Problem: Each line that includes the word "Blot" should be copied from the records.

Extracted entries:
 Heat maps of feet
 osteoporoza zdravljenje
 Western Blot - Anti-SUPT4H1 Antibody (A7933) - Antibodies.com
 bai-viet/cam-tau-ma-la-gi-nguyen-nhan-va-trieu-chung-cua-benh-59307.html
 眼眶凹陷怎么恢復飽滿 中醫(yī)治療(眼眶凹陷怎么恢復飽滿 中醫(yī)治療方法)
==
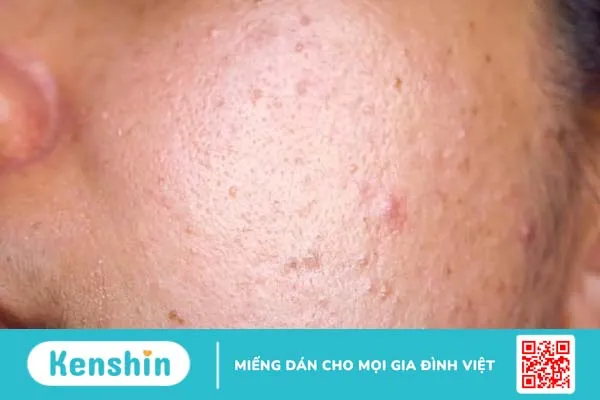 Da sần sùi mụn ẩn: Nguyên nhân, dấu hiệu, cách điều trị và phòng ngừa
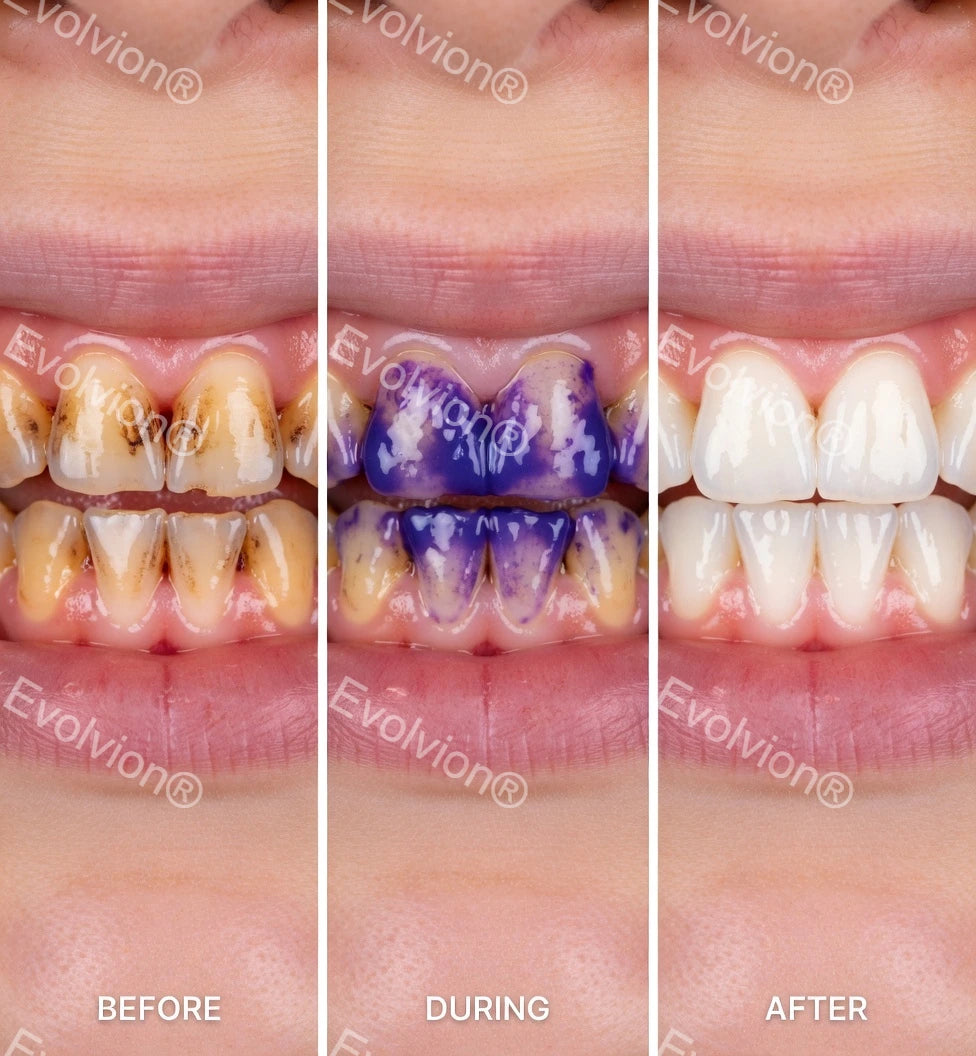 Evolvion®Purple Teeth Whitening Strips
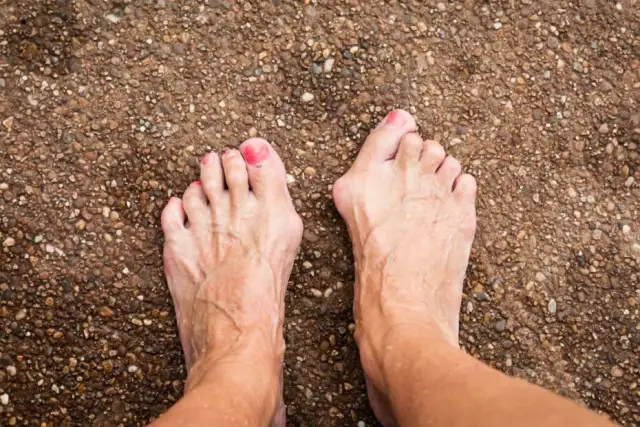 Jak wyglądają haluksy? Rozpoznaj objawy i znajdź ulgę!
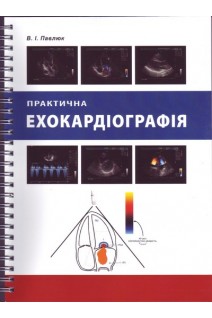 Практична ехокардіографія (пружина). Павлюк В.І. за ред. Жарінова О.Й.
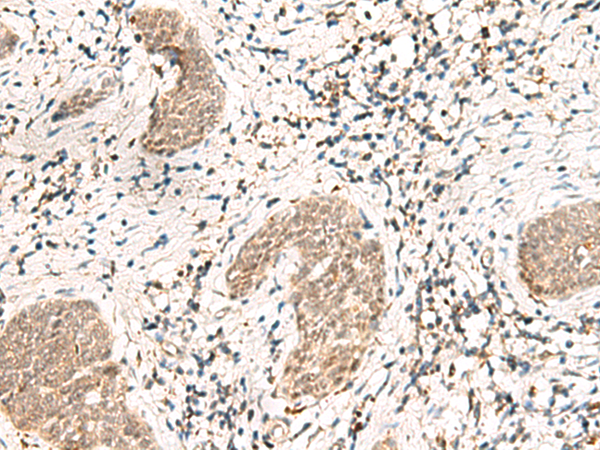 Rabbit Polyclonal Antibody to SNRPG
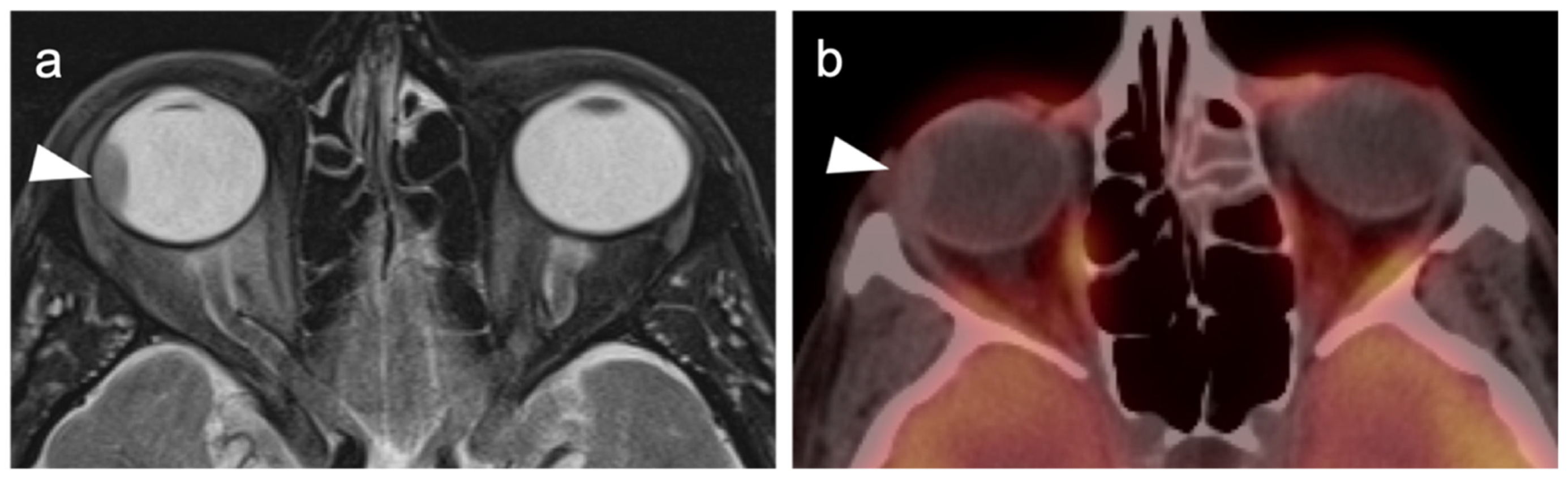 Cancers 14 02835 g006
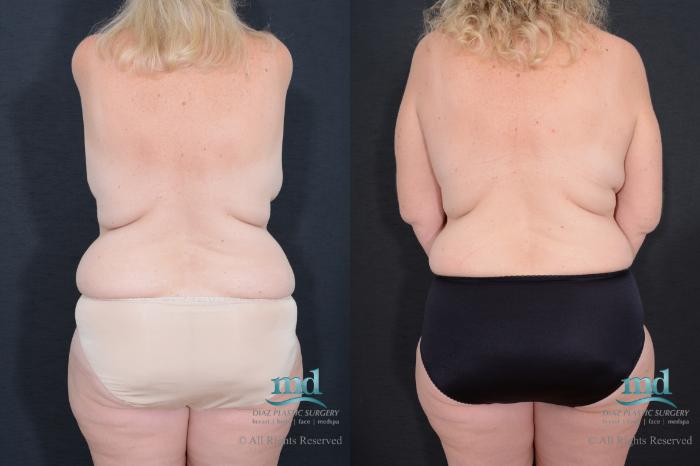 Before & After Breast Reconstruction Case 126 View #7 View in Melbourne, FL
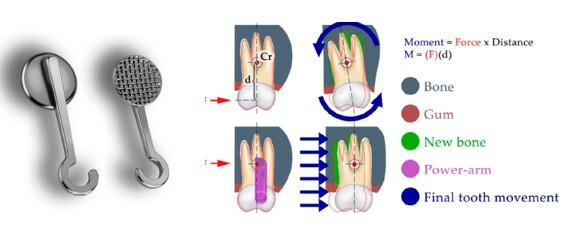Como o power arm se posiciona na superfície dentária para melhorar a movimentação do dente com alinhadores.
--
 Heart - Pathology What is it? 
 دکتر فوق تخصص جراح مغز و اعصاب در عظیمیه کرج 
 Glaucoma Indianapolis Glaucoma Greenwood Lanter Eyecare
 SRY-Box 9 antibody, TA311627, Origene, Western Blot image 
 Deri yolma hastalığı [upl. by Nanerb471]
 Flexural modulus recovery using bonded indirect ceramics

The completed task:
 Western Blot - Anti-SUPT4H1 Antibody (A7933) - Antibodies.com
 SRY-Box 9 antibody, TA311627, Origene, Western Blot image 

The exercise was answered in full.